Criticism from the Palestinian side might have been expected. What's surprising is that it was echoed by most of Israel's most senior newspaper columnists. Most felt that while Sharon government ministers could cheer that they'd won a victory against Yasser Arafat, there was nothing in the Bush plan that suggested Israelis could look forward to a life without conflict.

The senior writer at the daily Yedioth Aharonot, Nahan Baneya, [phonetic] said of the Bush plan "without a timeframe, it's like a soufflé – maybe it will rise and maybe it won't," saying the speech buried the Oslo accords and commenting that President Bush just wasn't built to handle Middle Eastern despair.

"The speech was unbalanced and would complicate the situation" said Hemi Shalev in the Ma'ariv newspaper, "one would have to be naïve to think it would make the Palestinians change course" and possibly most telling of all of the reactions, Israel's Foreign Minister Shimon Peres.

During President Bush's speech, he became angry. "He's making a fatal mistake" Mr Peres said. "Making the creation of a Palestinian state dependent on a change in leadership. You can't just brush Yasser Arafat aside with one speech."

Mr Peres became so angry that he turned the television off even before President Bush had finished the long awaited speech and before Mr Peres left the room he said "the abyss into which the region will now plunge will be as deep as expectations of this speech were high. There will be a blood bath".

The BBC reported a different reaction from Peres:

"I'm not disappointed by the speech. I know that one speech cannot bring redemption to the world. But this was an important speech. There are still problems left that need to be dealt with and dealt with seriously."

Where did the wild Peres lines come from? Palmer doesn't cite a source. I sent a note to Israeli blogger Tal G.
asking if he'd seen any quotes in Israel's press similar to those reported by the ABC. His reply: "I've heard nothing like the statement quoted by the ABC, and I think it would have received a lot of attention here if the quote appeared in a regular news source."

Tal forwarded the following from Ha'aretz:

Perhaps Peres expected Clinton Plan II, or maybe a reiteration of James Baker's famous five questions to the Shamir government, the last time Peres was foreign minister in a Likud government. In other words, something for a good fight with the Likud to get some color back into Labor's cheeks.

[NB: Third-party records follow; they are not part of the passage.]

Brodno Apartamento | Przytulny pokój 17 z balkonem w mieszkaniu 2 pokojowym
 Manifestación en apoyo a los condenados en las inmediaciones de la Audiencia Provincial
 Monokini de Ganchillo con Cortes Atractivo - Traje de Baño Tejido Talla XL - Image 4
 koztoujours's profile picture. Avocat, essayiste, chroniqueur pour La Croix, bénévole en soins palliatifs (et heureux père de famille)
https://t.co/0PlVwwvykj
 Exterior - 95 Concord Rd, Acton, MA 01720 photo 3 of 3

But then came the speech, which sounded like a medley of Effi Eitam statements. Peres, and the rest of the leaders of the peace camp, were dumbstruck - though not for long. Yesterday, along the seam line, with the fence he dislikes so much behind him, Peres squirmed in front of the microphones, finally emitting, "it was an important speech ... a clear statement ... very sharply worded on the matter of terror."

So, nothing there. The Sydney Morning Herald reported something that amounted to perhaps a tenth of the ABC's story:

Prominent Israeli commentators said Mr Bush's address could be harmful to the long-term interests of the region. Israel's leading newspaper columnist, Nahum Barnea, said the Israeli Foreign Minister, Shimon Peres, viewed Mr Bush's address as "another blow, perhaps a lethal blow to the chances of renewing negotiations".

Writing in the Hebrew daily Yedioth Ahronoth, Barnea added: "Bush's call to replace the leadership, to wit Arafat, will achieve the exact opposite: it will force the Palestinian leadership to rally round the besieged Arafat once again."

We still don’t have the turned-off television, or the bloodbath, or an abyss. Tal G.'s translation of Yedioth's account yields only this:

In private conversations [apparently immediately following a Labor Party meeting in Raanana] Peres permitted himself to be more expressive. "Bush's speech does not give any hope for the future, and is bound to complicate the situation even more. The Palestinians didn't receive a diplomatic horizon and thus they will react with more despair and confusion - that means more terror attacks. We cannot involve ourselves in the question of who the Palestinians will choose as their leader", he said.

Tal G. sums up what we know thus far, and adds some Hebrew translation notes:

"It absolutely would be front-page news if it were an 'official' reaction. Actually it would be scandalous here in Israel. But the ABC reporter recounts Peres' initial reaction that supposedly took place in private, and it's an interesting coincidence that the two points made in the ABC quote are the same ones that are in Yedioth.

"So either the ABC has a very well-placed source, or else took Peres' privately expressed opinions and 'amplified' them.

"The language part is tough because translation is involved. Peres is a wimpy guy and in particular uses soft and wimpy language, but Hebrew can be a harsh language. But here goes:

"'Fatal mistake' [Ta'ut Katlanit] sounds too literal in Hebrew. 'Basic mistake' [Ta'ut Yesodit] would be more likely. 'You can't just brush Yasser Arafat aside with one speech' sounds suspicious because the Israeli gov't [of which Peres is part] has been trying to brush Arafat aside for months.

"'Abyss' doesn't really translate - since the sentence is a metaphor that requires the notion of 'depth'. The more obvious word would be 'chaos' [bardak, balagan]. The closest word would be 'Bor' which just means 'pit' but the sentence would sound funny. 'Blood bath' could only be the harsh 'tevach' [butchery].

"So it's unlikely that the quote is a faithful translation of anything Peres said."

Reader David A. alerted me to the ABC's story. He and I, and Tal G., await clarification from the ABC.

UPDATE: Seems the source was Yedioth. From today's Independent:

On the other side of the Israeli spectrum, left-wing politicians and commentators warned against such complacency. Yediot Aharonot quoted Shimon Peres, the Foreign Minister, predicting privately: "A bloodbath can be expected."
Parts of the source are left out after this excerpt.